§ **WHAT YOU NEED TO DO**: Each line from the one that contains "Tür Dichtung hinten, unten, L" to the end of the material must be quoted exactly; include both end lines and nothing else.

++++++

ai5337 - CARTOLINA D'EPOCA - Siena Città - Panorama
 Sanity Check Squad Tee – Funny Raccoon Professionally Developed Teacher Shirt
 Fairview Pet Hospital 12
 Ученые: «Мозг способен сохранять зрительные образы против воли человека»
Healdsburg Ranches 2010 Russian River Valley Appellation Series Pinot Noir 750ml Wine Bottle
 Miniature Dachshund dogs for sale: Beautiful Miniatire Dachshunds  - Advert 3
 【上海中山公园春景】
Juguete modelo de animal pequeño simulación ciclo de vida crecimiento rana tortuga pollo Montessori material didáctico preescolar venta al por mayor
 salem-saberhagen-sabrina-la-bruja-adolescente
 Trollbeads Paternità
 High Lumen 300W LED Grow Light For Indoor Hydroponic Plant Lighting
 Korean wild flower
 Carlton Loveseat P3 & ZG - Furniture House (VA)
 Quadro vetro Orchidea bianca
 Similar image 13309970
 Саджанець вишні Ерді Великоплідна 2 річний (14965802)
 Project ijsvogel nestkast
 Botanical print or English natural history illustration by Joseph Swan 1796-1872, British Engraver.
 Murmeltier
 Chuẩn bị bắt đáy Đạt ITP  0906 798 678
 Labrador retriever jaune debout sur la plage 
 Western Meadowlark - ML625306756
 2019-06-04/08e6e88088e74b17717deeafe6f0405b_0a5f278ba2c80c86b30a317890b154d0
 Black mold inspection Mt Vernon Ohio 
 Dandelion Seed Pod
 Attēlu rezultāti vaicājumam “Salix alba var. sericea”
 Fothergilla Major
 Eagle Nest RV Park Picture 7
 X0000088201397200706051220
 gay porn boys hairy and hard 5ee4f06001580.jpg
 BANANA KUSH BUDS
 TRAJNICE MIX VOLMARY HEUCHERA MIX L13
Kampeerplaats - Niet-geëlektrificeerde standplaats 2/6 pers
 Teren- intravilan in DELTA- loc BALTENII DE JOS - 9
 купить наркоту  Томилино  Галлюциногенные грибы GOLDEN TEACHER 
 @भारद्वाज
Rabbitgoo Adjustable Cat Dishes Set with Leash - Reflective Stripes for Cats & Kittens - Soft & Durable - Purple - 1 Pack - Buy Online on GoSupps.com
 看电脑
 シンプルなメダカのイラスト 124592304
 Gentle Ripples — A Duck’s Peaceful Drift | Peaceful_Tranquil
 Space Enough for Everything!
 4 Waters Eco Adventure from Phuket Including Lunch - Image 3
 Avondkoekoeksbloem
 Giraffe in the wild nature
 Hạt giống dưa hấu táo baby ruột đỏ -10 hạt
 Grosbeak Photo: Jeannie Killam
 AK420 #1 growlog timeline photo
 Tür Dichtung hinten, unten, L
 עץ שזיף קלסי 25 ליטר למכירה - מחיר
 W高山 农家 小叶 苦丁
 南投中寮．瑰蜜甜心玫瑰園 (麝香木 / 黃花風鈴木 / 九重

++++++

§ **PROBLEM SOLUTION**:
 Tür Dichtung hinten, unten, L
 עץ שזיף קלסי 25 ליטר למכירה - מחיר
 W高山 农家 小叶 苦丁
 南投中寮．瑰蜜甜心玫瑰園 (麝香木 / 黃花風鈴木 / 九重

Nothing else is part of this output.